Kling 3.0 for multi-shot sequences and audio-driven content
Kling 3.0 handles the briefs where Seedance 2.0 is the wrong choice: multi-shot sequences where each shot carries a different camera move, audio-driven content where the visual needs to follow a voiceover or music beat, and motion-transfer work where an existing reference video provides the movement template. For a brand film that runs three distinct visual beats or a product reel cut to a track, Kling's multi-shot logic means the sequence can be described shot by shot in a single prompt rather than stitched from separate generations.
The tradeoff is identity preservation. Kling 3.0 is less strict about holding a specific face across shots than Seedance 2.0. For product-centred content where the hero is a bottle, a texture or an ingredient rather than a person, that tradeoff rarely matters. For talent-led content, Seedance is still the call.
Marketing Studio for turning a product page into an ad
Higgsfield's Marketing Studio takes a product URL, a product image or an ad reference video and produces a formatted ad creative around it, with hooks and settings drawn from a library of proven ad mechanics. For beauty brands, this means a new SKU can have a UGC-style ad, a product review format and an unboxing cut within an hour of going live on a product page, with no talent booking, no shoot and no agency brief.
The workflow has three modes. URL-driven takes the product page and builds the creative around what the model extracts. Product entity mode starts from a hero product image supplied directly. Ad reference mode takes a reference TikTok or Reel and recreates the scenario with the brand's product inserted. We use ad reference mode most often for clients launching into a category where a proven creative format already exists in market: faster to iterate on what works than to discover it from scratch.

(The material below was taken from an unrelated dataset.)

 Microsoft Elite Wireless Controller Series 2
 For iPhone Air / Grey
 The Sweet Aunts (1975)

Soul Characters for recurring talent
When a brand needs the same person across ten or more generations, whether that is a founder avatar, a recurring campaign face or a creator character, we train a Higgsfield Soul Character. Training takes five to twenty reference images and runs in roughly ten minutes. The resulting soul ID locks the identity for all subsequent generations, meaning the same face, the same skin, the same features appear consistently across every image and video produced from that character. For brands building a long-term content library around a single talent, Soul training is the most cost-efficient decision in the workflow: one session, reusable indefinitely.
For one-off needs, we use Soul 2 in single-reference mode, which requires no training and produces a high-fidelity result from a single image. The distinction matters for budget planning: trained Soul for campaigns, one-shot Soul 2 for isolated productions.

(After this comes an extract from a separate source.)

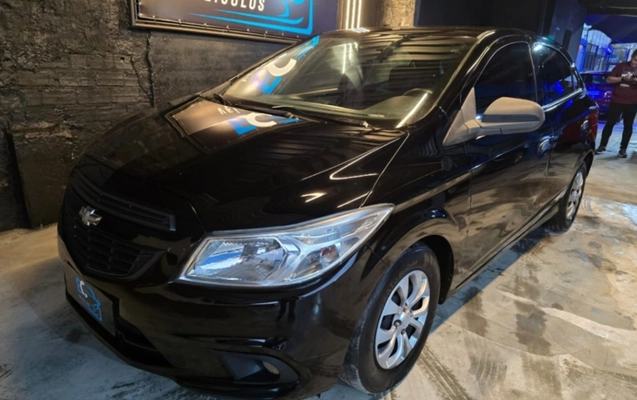 imagem-https://www.socarrao.com.br/sc-vehicle-images-prod/3946835/1789753658797-Q2FwdHVyYSBkZSB0ZWxhIDIwMjYtMDktMTggMTQzODQyLnBuZw.png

How the stack connects in practice
A typical Highlight London AI production cycle for a product launch runs through three phases. Concept and direction uses Midjourney and Flux for fast visual territory exploration and mood reference, with Claude for prompt iteration and brief synthesis. The hero still production layer uses Nano Banana 2 for pack-in-context images and Flux.1 Pro for skin-forward editorial. The video and ad layer uses Seedance 2.0 for talent-led content, Kling 3.0 for multi-shot brand film sequences and Marketing Studio for the ad formats. ComfyUI handles batch processing wherever the brief calls for volume: colourway variants, format families, market adaptations.
Each model has a defined role. The prompt library for each is maintained separately, anchored to the brand book, and version-controlled as the models update. That is the discipline that keeps the output coherent across a production that may run two hundred assets. The stack is not the system. The system is what governs how the stack is used.